むしろ、今こちらに向かって来ている者が、こちらにとってのリスクとなることも十分にあり得る話であった。
「ジモク。お前は俺にその場所を案内しろ。他の者達は、急ぎ国境に向かえ!」
少し頭の中で計算をし、ヴェルナードは部下達に声をかける。
結論は、こちらに向かっている人物に賭ける。
勿論、リスクは最小限に抑えての話であったが。
「了解です!」
副官が慌てたように応え、部隊をまとめだしているのを尻目に、ヴェルナードは、ジモクと共にその場所へと向かった。

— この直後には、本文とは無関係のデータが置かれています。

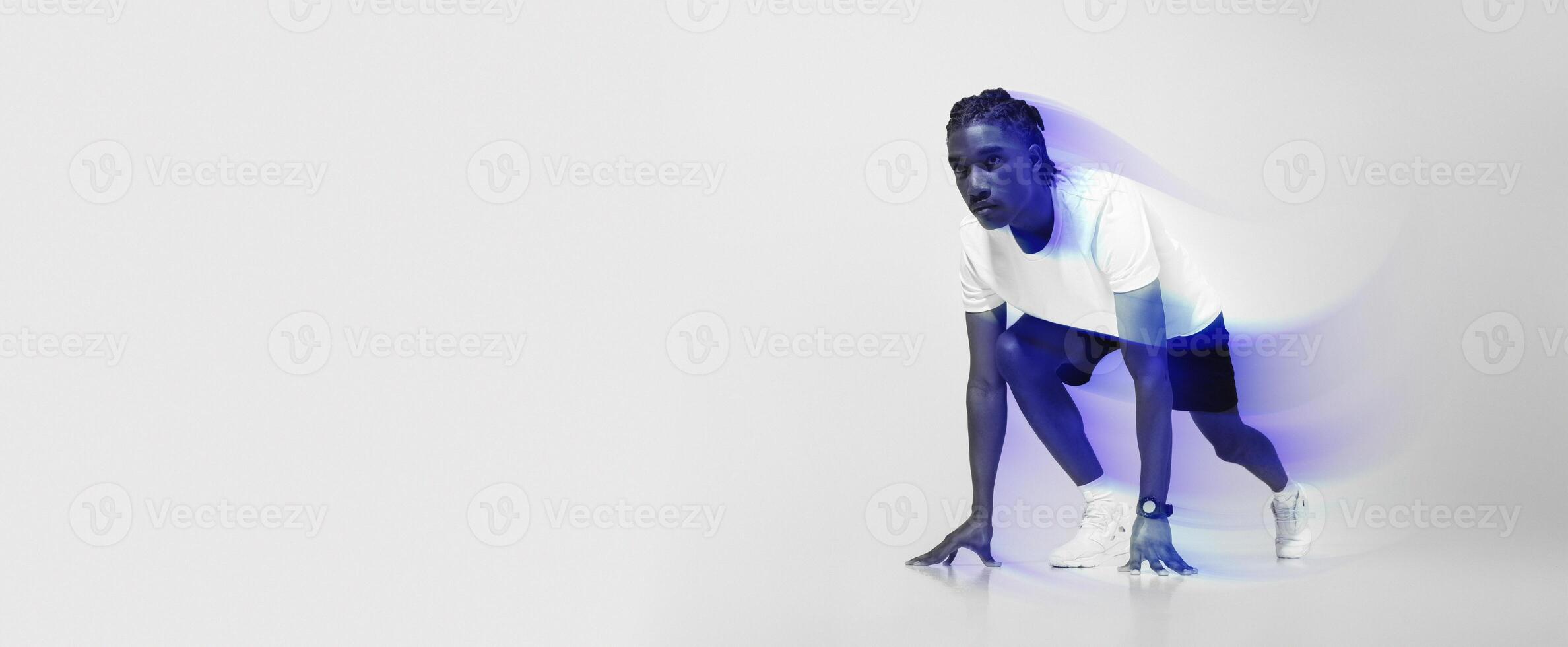 Focused man in athletic wear poised in starting position for sprint, young african american runner guy exuding determination and strength, posing on light grey studio background, copy space photo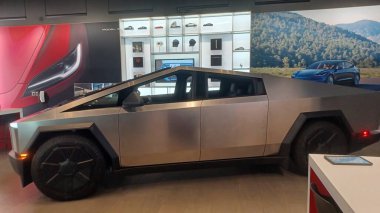 Toronto, ON, Kanada - 8 Kasım 2025: Kırmızı bir Tesla Model Y ve beyaz bir Tesla aracı büyük camlı ve kırmızı duvar aksanlı modern bir Tesla galerisinde sergilenmektedir.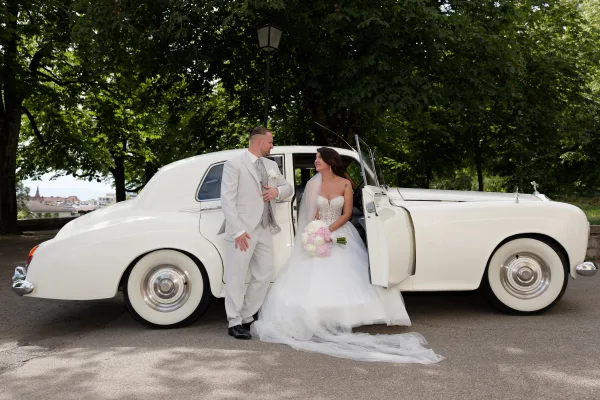 Couple portrait and wedding car photo, the bride and groom standing beside a classic car, sharing a candid look together.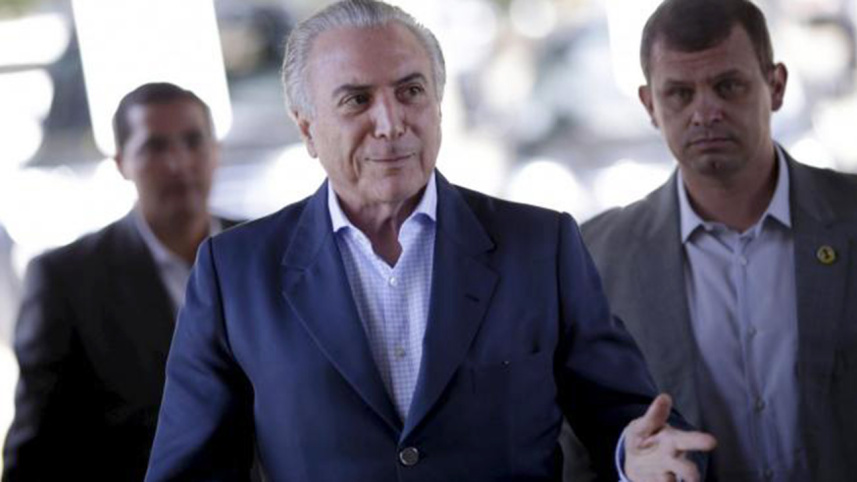 Brazil's Michel Temer arrives at the Planalto Palace in Brasilia.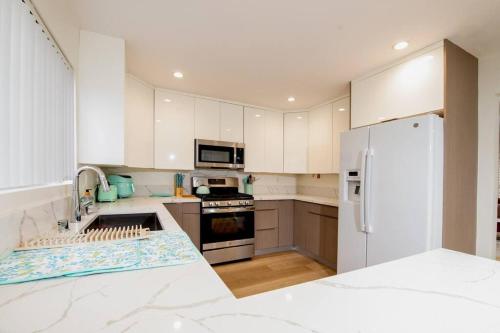 a kitchen with white cabinets and a white refrigerator at Brand New Remodeled 3 Bedroom Home in Reseda in Los Angeles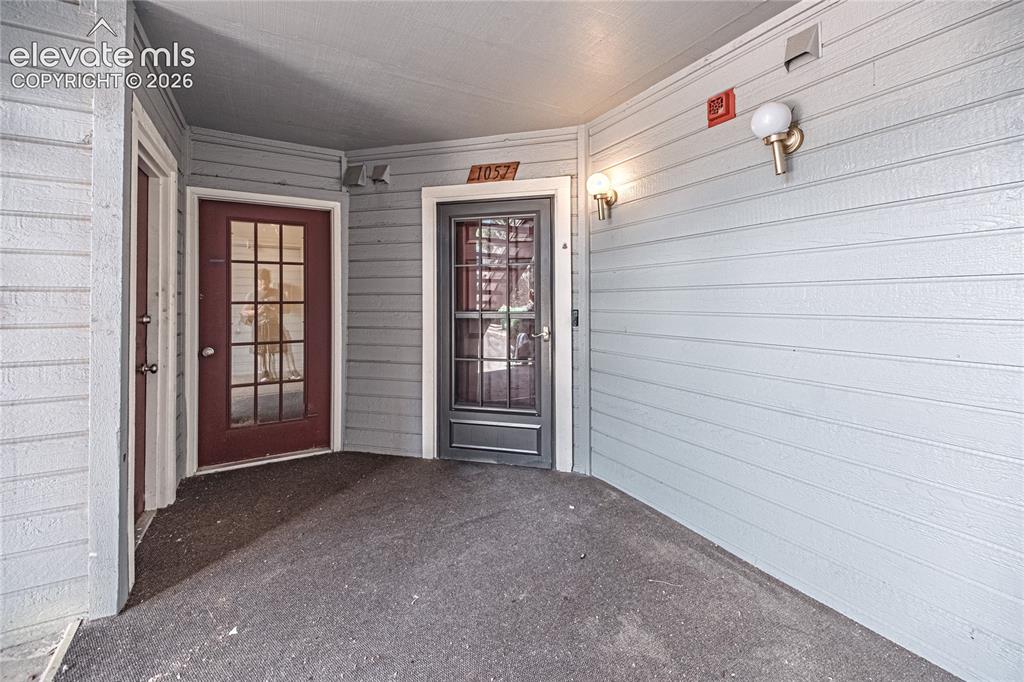 Image 4 of 37: Covered entryway featuring light gray siding, dark gray flooring, and two d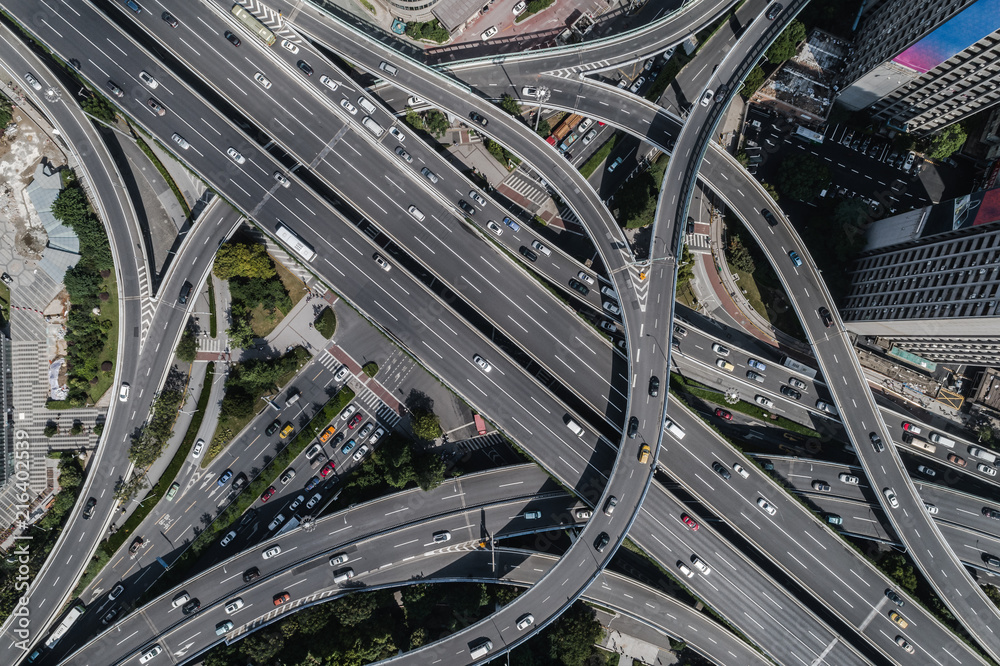 Aerial view of highway and overpass in city on sunny day Aerial view of highway and overpass in city on sunny day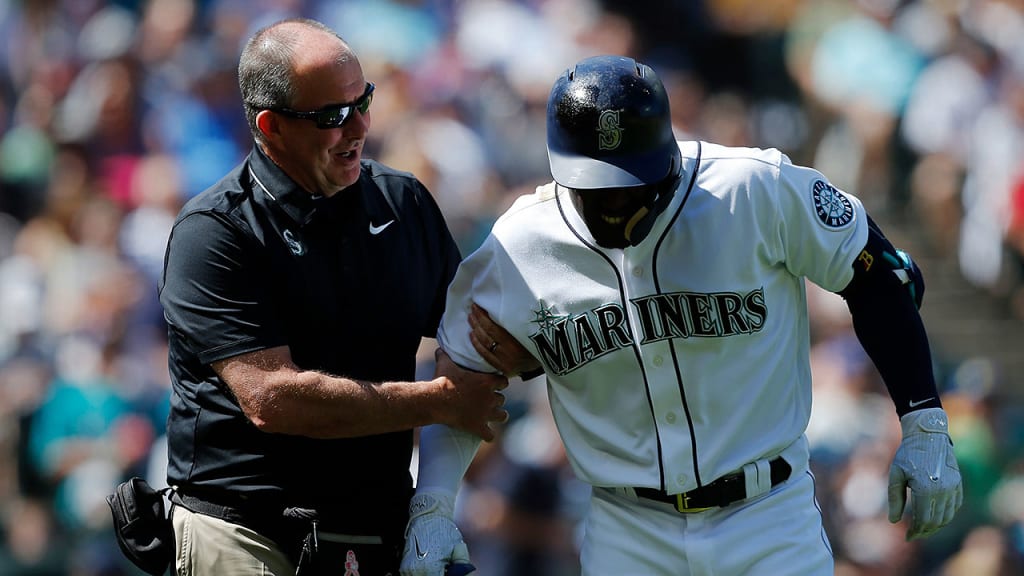 Rick Griffin, tending to Guillermo Heredia, is looking forward to more time with his wife and three daughters. (Mariners/Ben Van Houten)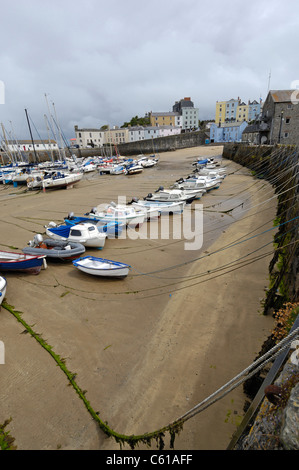 Kleine Boote gebundene zu Stein Hafen-Meer-Verteidigung in Tenby in Wales bei Ebbe. Stockfoto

はぐれた敵兵か、それとも全く関係のない第三者か、あるいは、先程、霧散した魔力と関係がある者なのか。
ヴェルナードは、そのことを考えながら足を速める。
「あれですね」
ジモクが声を落とし、ヴェルナードに語り掛ける。
その言葉にヴェルナードは足を止め、指差された先を物陰から眺める。
指差された先には、一人の男が木に背を預け立っていた。
騎士のようであるその男は、周囲を警戒しながら、身体を休めているようであった。
明らかにハイルフォード王国の人間であり、その男が鎧に着けている紋章に、ヴェルナードは反応をする。
「あれは、ヴルカルの関係の紋だな」
独り言のようにヴェルナードは呟く。
今、ハイルフォード王国で起きている反逆劇の中心人物である男の部下。
その男は、きっとこちらの役に立つ。
そう考えたヴェルナードは、物陰から姿を現し、目の前の男の前に姿を現す。
「誰だ?」
目の前に急に現れたヴェルナードに、男は武器を取り反応をする。
「武器を仕舞ってもらって構わんよ。私は、貴公と戦うつもりはない」
笑みを浮かべながら、ヴェルナードは目の前の男に近づく。
「これ以上、こちらに来るな!」
男は、武器を向けてヴェルナードに怒鳴りちらす。
「ふむ。私は、ヴェルナード。クラルス王国の将軍だ。貴公の助けになるとは思うのだがね」
足を止め、ヴェルナードは、目の前の男に声をかけ続ける。
「貴公は、ヴルカル卿の配下だろ?そちらの事情も大体わかるのだが、どうかね?このまま行くところがなければ、私についてこないかい?」
相手の反応はない。だが、ヴェルナードはそれを無視して言葉をかけ続ける。
「この国から逃がしてやるよ。乗るかね?」
そして、ヴェルナードは、力を入れてその言葉を発する。
相手がこの言葉に乗ってくるか、否か。
反応を伺いながら、ヴェルナードは、再度距離を詰める。
「いいだろう。その話乗ろう」
そんなヴェルナードに対して、男は、疲れた様な笑みを浮かべて反応をする。
「実は行くところがなくてね。貴公が助けてくれるというなら、渡り船ではあるのだよ」
その疲れた様な笑みを浮かべたまま、男はヴェルナードに応える。
「おぉそうか!えぇっと貴公の名前は?」
喜びを見せながら、ヴェルナードは目の前の男に問いかける。
少なくとも、この国に反逆をし内情を知っている亡命者を確保できたのである。
成果としては、それなりの価値はあるであろう。
「ユノース。ヴルカル様に忠誠を誓った騎士の一人だ」
ユノースは、ヴェルナードに応える、武器を仕舞った。